* Working data
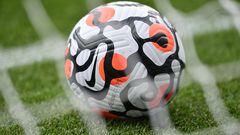 BURNLEY, ENGLAND - AUGUST 14: A general view of the Premier League Nike Flight match ball prior to the Premier League match between Burnley and Brighton & Hove Albion at Turf Moor on August 14, 2021 in Burnley, England. (Photo by Nathan Stirk/Getty Images)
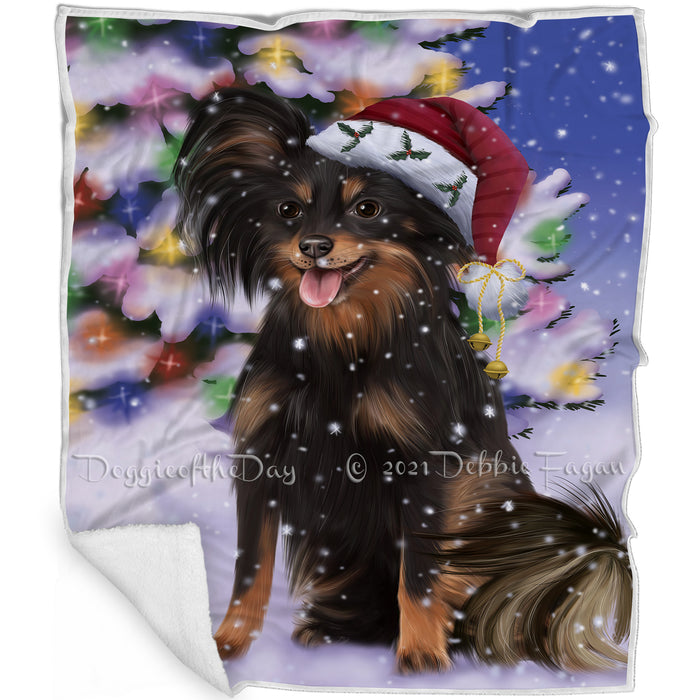 Winterland Wonderland Russian Toy Terrier Dog In Christmas Holiday Scenic Background Blanket BLNKT120909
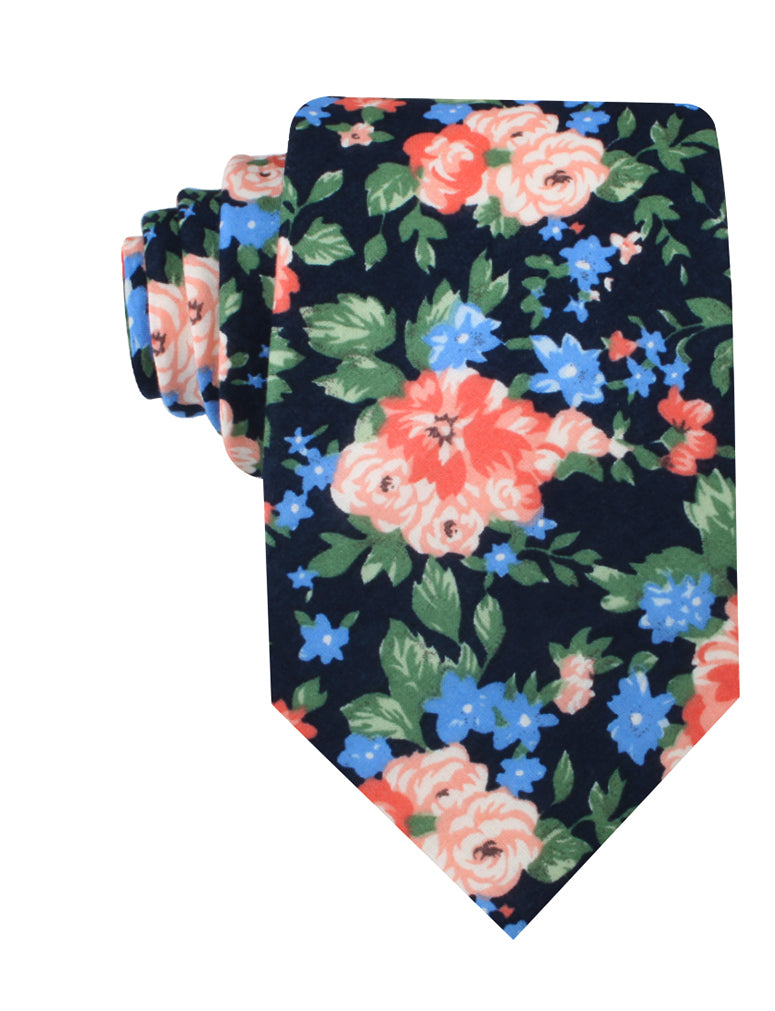 Havana Pink Floral Necktie | Navy Blue Flower Tie | Men's Wedding Ties ...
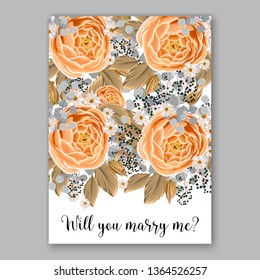 Rose wedding invitation vector card template greenery peony hibiscus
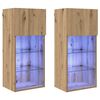 vidaXL Mobiletti TV a parete con LED 2 pcs Rovere artigianale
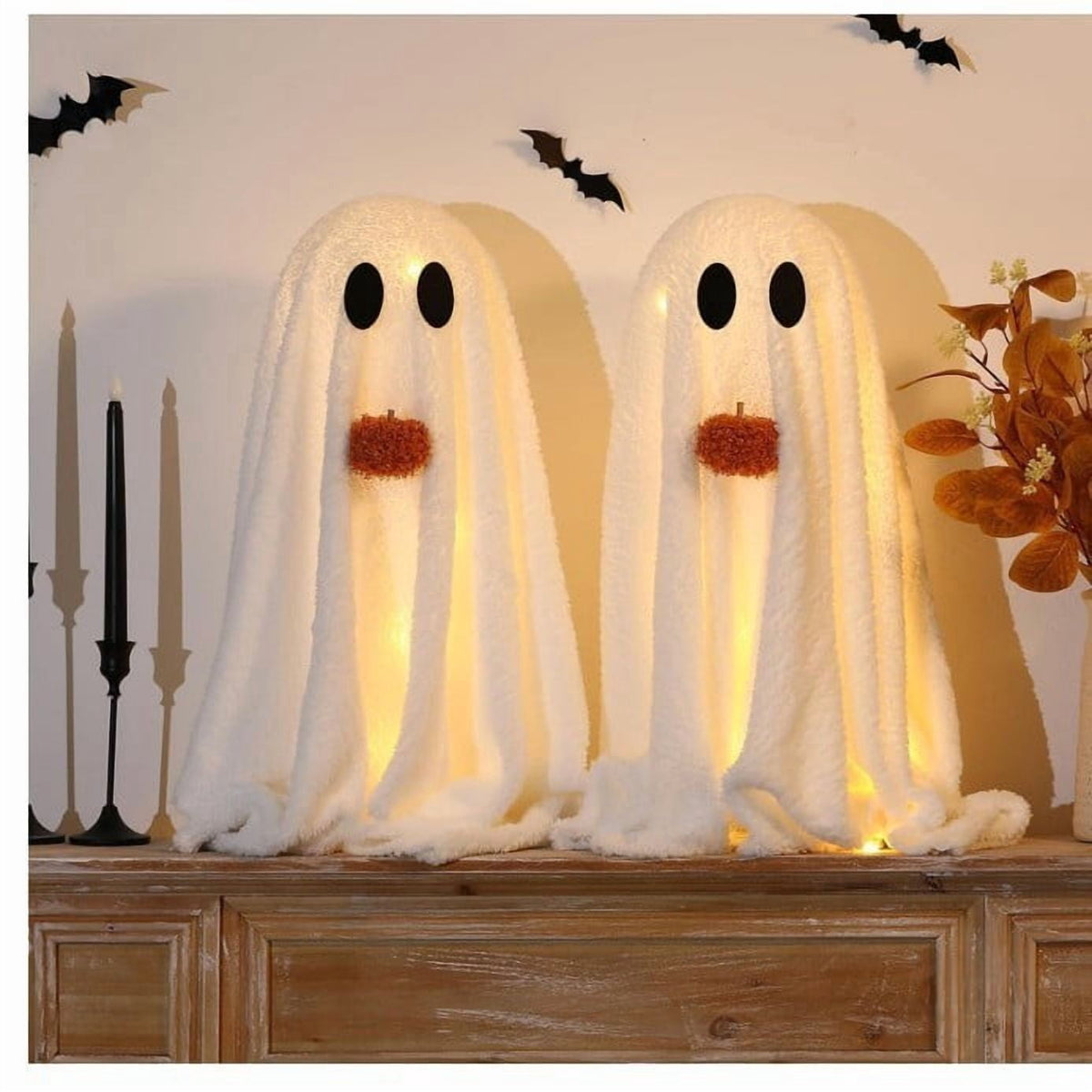 Light Up Plush Ghost with Pumpkin Ornament, Cute White Fabric Ghost Decoration with Warm LED Light, Halloween Luminous Farmhouse Tabletop Decor for Mantel, Shelf and Home Display
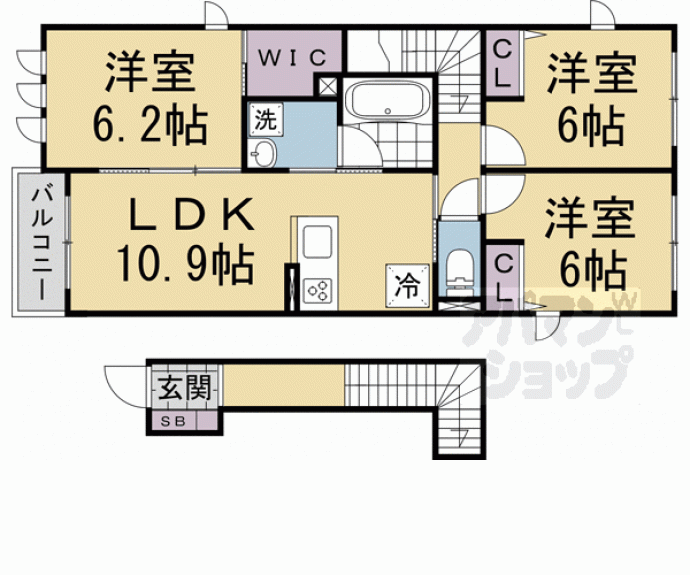 【メゾンフルールB棟】間取
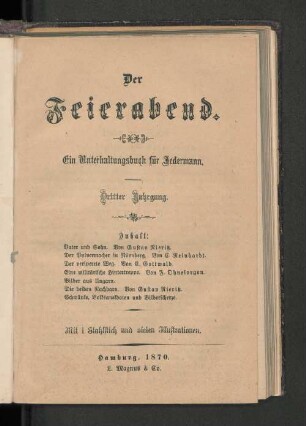 3.1870: Der Feierabend : ein Unterhaltungsbuch für jedermann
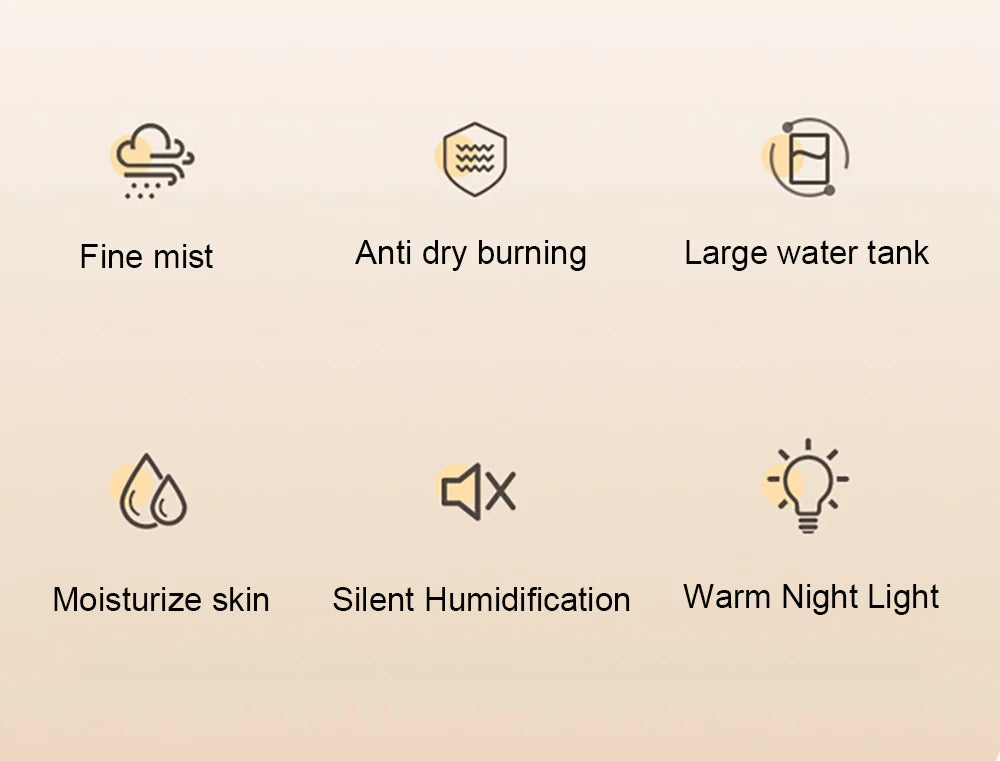 Air Humidifier Large Capacity Home Humidifier Professional Double Spray Port Mist Maker Mute Air Humidifier for Room with Light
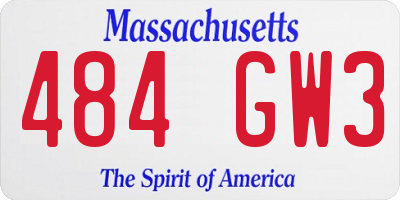 MA license plate 484GW3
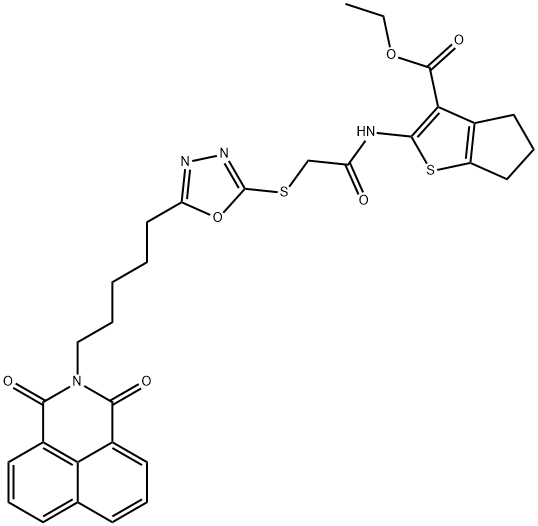 ethyl 2-[[2-[[5-[5-(1,3-dioxobenzo[de]isoquinolin-2-yl)pentyl]-1,3,4-oxadiazol-2-yl]sulfanyl]acetyl]amino]-5,6-dihydro-4H-cyclopenta[b]thiophene-3-carboxylate Structure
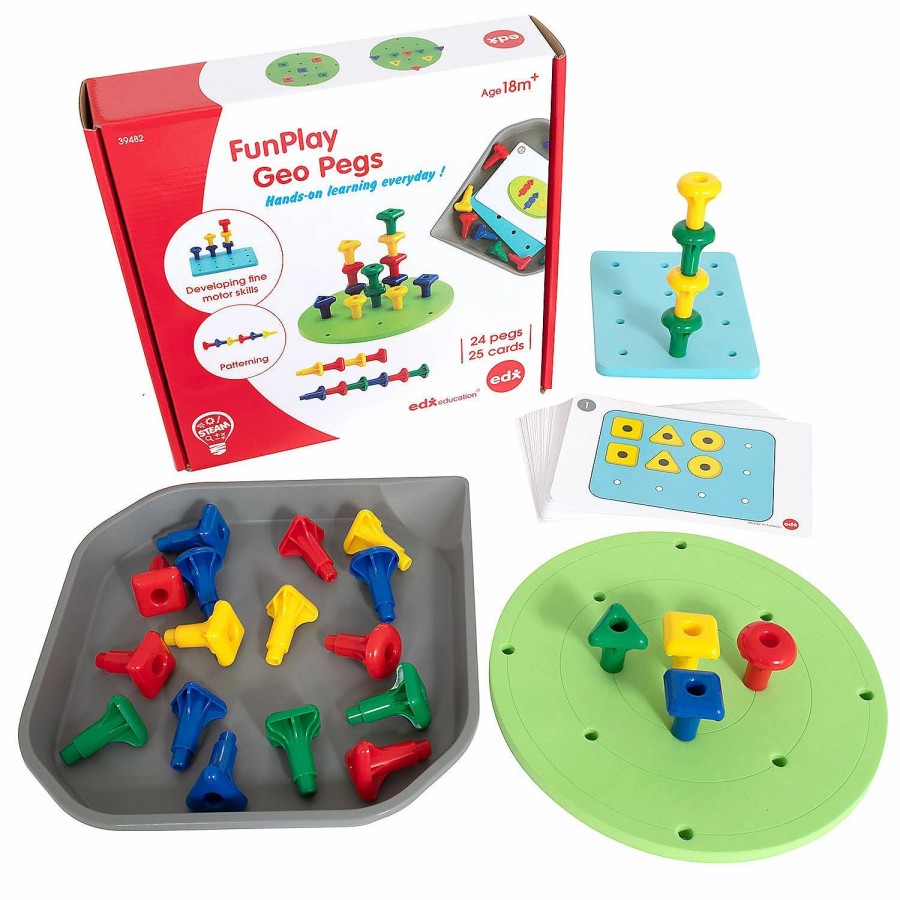 Early Learning * | Mw Learning Advantage: Funplay Geo Pegs Homeschool Kit For Toddlers, 52 Pieces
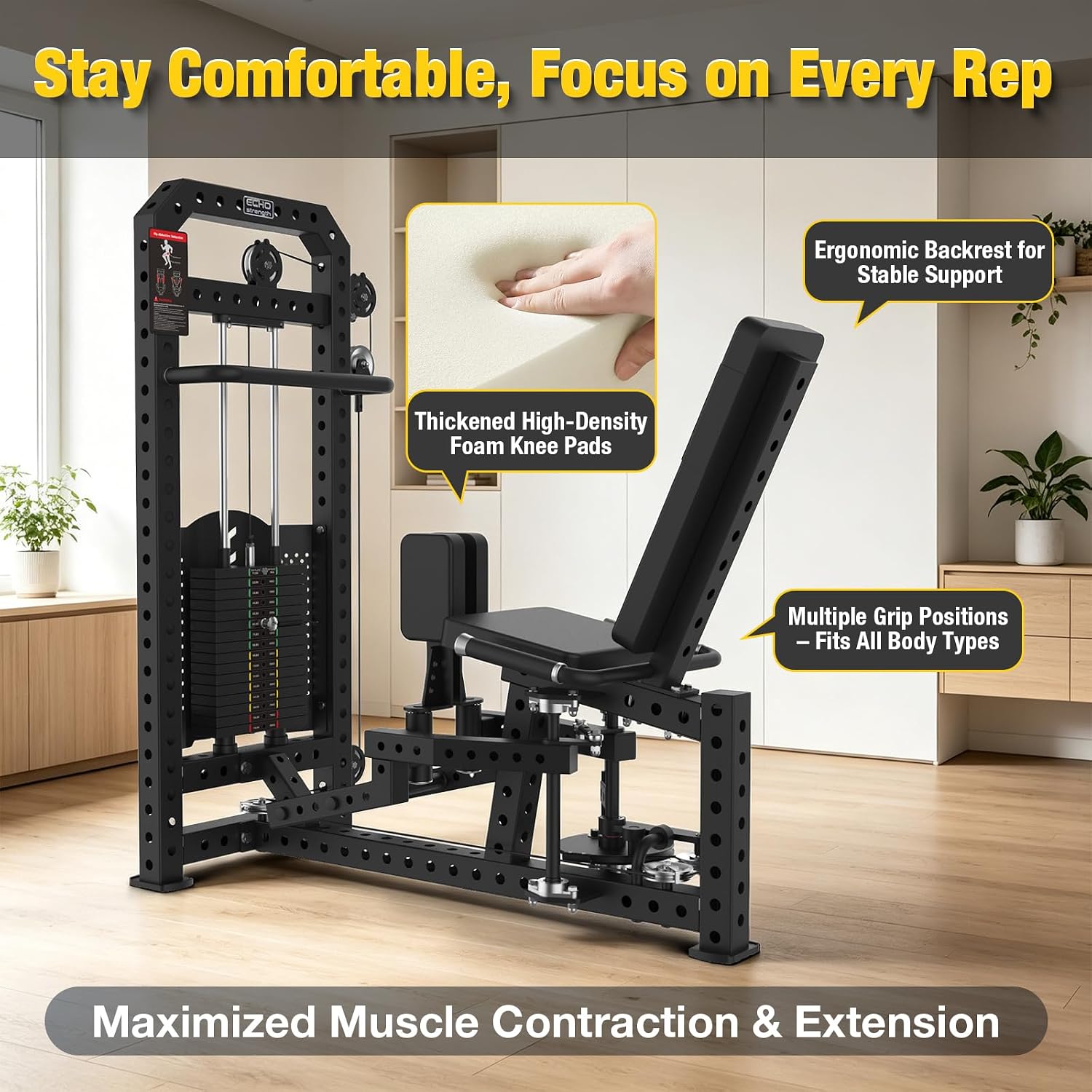 Commercial Hip Adduction Abduction Machine, Inner & Outer Thigh Exercise Equipment with Adjustable Weight Stack, Commercial Grade Home Gym Fitness Machine for Glutes, Hips & Leg Strength Training - Image 6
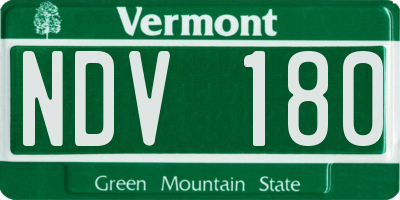 VT license plate NDV180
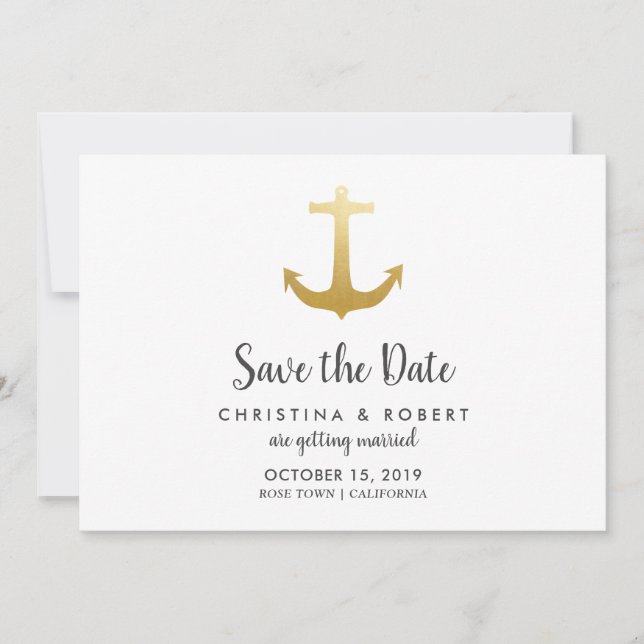 Anchor Nautical Faux Gold Foil | Save The Date Invitation (Front)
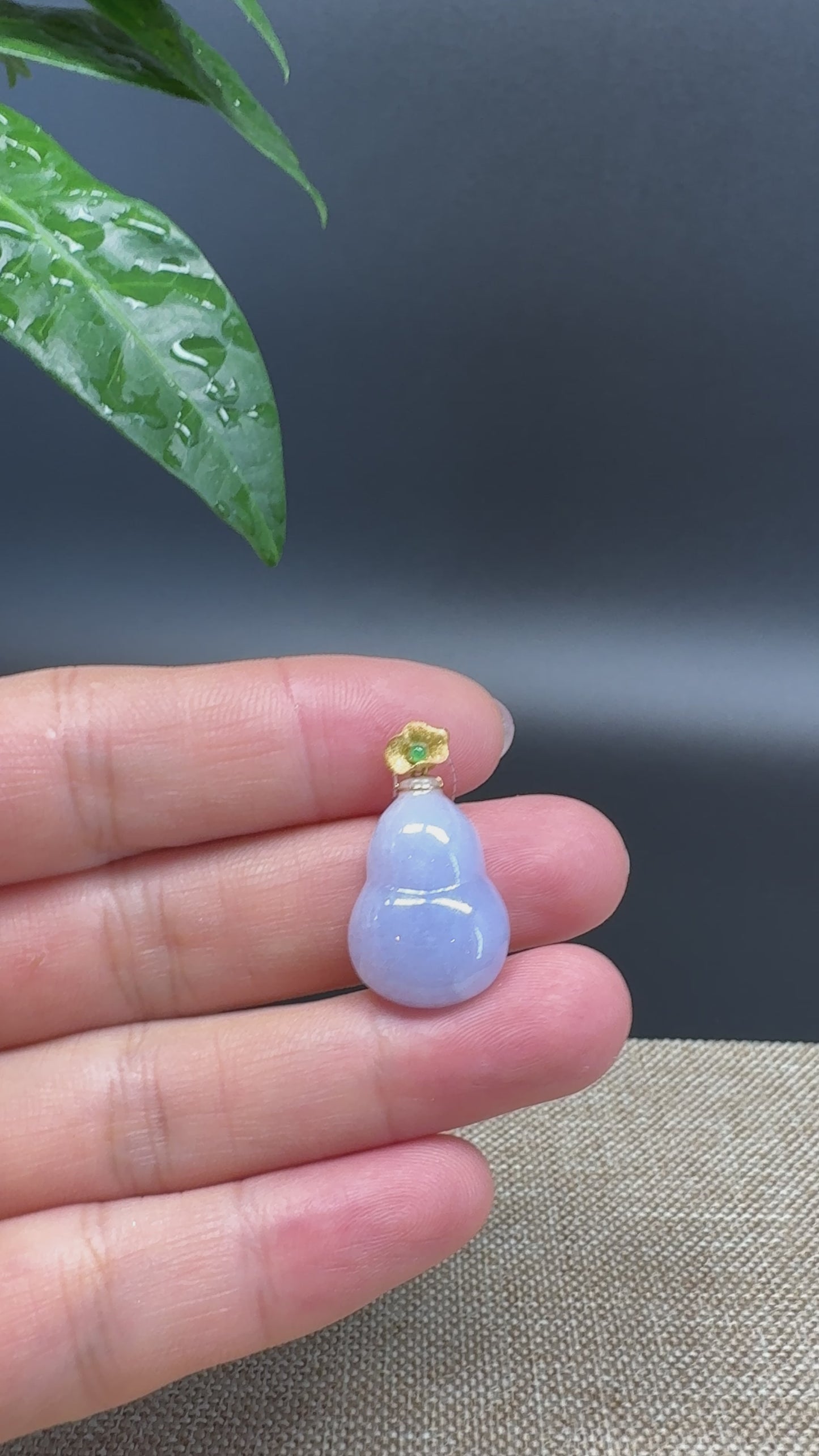 Load and play video in Gallery viewer, RealJade® Co. Genuine Lavender Jadeite Jade Good Luck Hulu Bottle Gourd Necklace With 18K Yellow Gold Bail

* Work task
Between and including the line with "Winterland Wonderland Russian" and the line with "Early Learning *", repeat every line exactly as it appears above, with pictures left out.

* Task result
 Winterland Wonderland Russian Toy Terrier Dog In Christmas Holiday Scenic Background Blanket BLNKT120909
 Havana Pink Floral Necktie | Navy Blue Flower Tie | Men's Wedding Ties ...
 Rose wedding invitation vector card template greenery peony hibiscus
 vidaXL Mobiletti TV a parete con LED 2 pcs Rovere artigianale
 Light Up Plush Ghost with Pumpkin Ornament, Cute White Fabric Ghost Decoration with Warm LED Light, Halloween Luminous Farmhouse Tabletop Decor for Mantel, Shelf and Home Display
 【メゾンフルールB棟】間取
 3.1870: Der Feierabend : ein Unterhaltungsbuch für jedermann
 Air Humidifier Large Capacity Home Humidifier Professional Double Spray Port Mist Maker Mute Air Humidifier for Room with Light
 MA license plate 484GW3
 ethyl 2-[[2-[[5-[5-(1,3-dioxobenzo[de]isoquinolin-2-yl)pentyl]-1,3,4-oxadiazol-2-yl]sulfanyl]acetyl]amino]-5,6-dihydro-4H-cyclopenta[b]thiophene-3-carboxylate Structure
 Early Learning * | Mw Learning Advantage: Funplay Geo Pegs Homeschool Kit For Toddlers, 52 Pieces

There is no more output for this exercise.